= David W. Murhammer =

American chemist

David W. Murhammer is professor and former department chair of chemical and biochemical engineering at the University of Iowa, specializing in biochemical engineering. He is also a member of the Center for Biocatalysis and Bioprocessing there. Murhammer received his B.S. and M.S. degrees from Oregon State University, and his Ph.D. in chemical engineering at the University of Houston in 1989. Murhammer was a graduate student under Charles F. Goochee. He then joined the college of engineering in 1989 as assistant professor, becoming professor in 2003.

Murhammer also worked briefly in the zirconium refining industry, which sparked his lifelong dedication to chemical process safety.

==Research interests and publications==
Research interests include baculoviruses, with emphasis on their bioinsecticide production and effects on insect cell cultures.

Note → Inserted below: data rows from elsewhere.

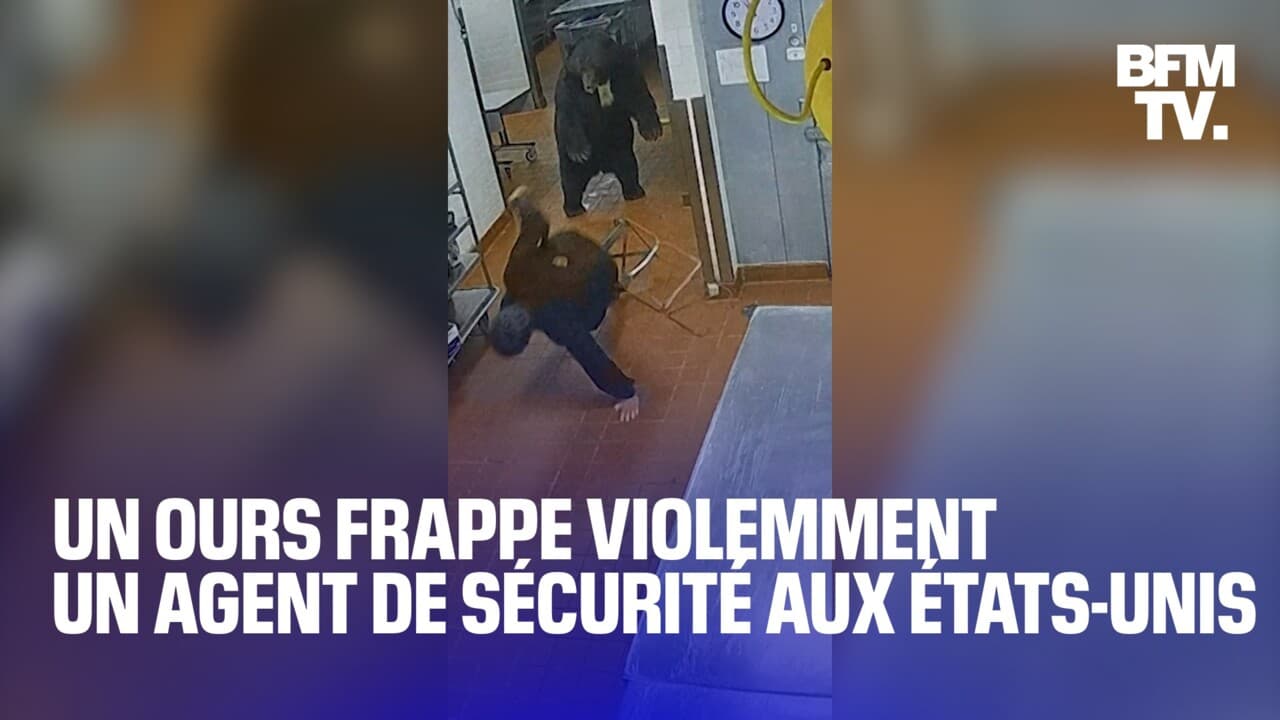 découvrez l'affaire insolite de fraude à l'assurance impliquant trois américains déguisés en ours, une escroquerie atypique qui a surpris les enquêteurs.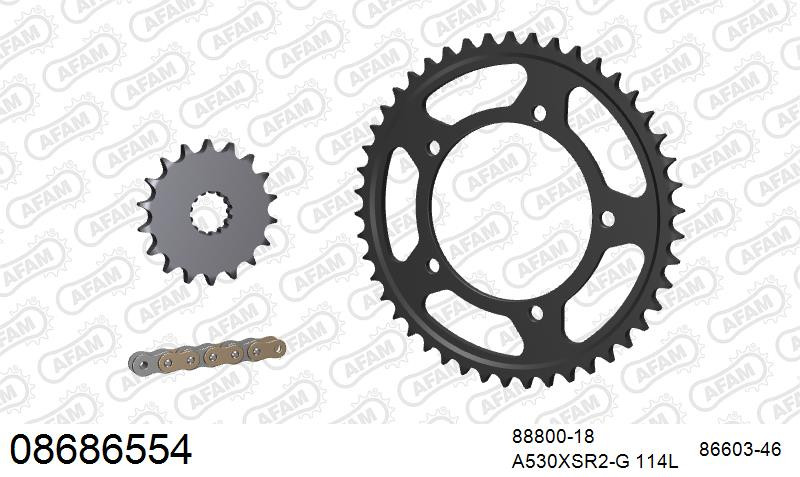 Zestaw napędowy AFAM do TRIUMPH Tiger 955, Tiger 955 From VIN 198875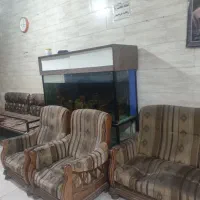 آکواریم بزرگ|ماهی|شیراز, جوادیه|دیوار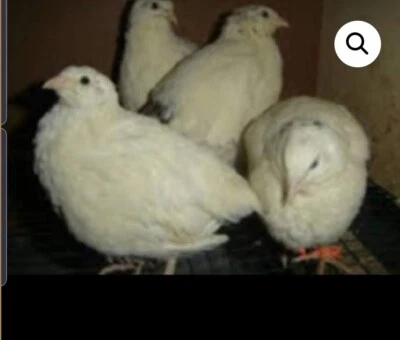 24+ FERTILE JUMBO TEXAS A&M COTURNIX Quail Hatching eggs From Meat & Egg Birds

Murhammer is an editor of Baculovirus and Insect Cell Expression Protocols. He has also made numerous presentations at government and industrial engineering laboratories and conferences. He has written a total of 43 journal articles. Among his major recent peer-reviewed publications are:

- Wang, Ying (2004). "Effect of Expression of Manganese Superoxide Dismutase in Baculovirus-Infected Insect Cells"
- Saarinen, Mark A. (2008). "Monitoring and Controlling the Dissolved Oxygen (DO) Concentration within the High Aspect Ratio Vessel (HARV)"
- Saarinen, Mark A. (2002). "The response of virally infected insect cells to dissolved oxygen concentration: Recombinant protein production and oxidative damage"
- Wang, Ying (2001). "Evidence of oxidative stress following the viral infection of two lepidopteran insect cell lines"
- Wang, Ying (2001). "Antioxidant defense systems of two lipidopteran insect cell lines"

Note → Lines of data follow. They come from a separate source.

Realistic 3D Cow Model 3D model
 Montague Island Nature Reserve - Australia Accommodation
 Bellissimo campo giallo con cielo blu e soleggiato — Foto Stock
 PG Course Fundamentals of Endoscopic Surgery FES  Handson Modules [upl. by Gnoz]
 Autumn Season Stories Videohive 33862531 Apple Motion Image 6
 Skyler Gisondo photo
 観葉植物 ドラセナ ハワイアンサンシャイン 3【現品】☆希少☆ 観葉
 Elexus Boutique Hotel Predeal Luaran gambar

==Honors and memberships==
He is Associate Editor of Applied Biochemistry and Biotechnology, and a member of the American Chemical Society; American Institute of Chemical Engineers; American Society for Engineering Education; Society for Free Radical Biology and Medicine.

He regularly teaches courses in "Process calculations", "Engineering flow/Heat exchange", "Chemical process safety", and "Introduction to biochemical engineering".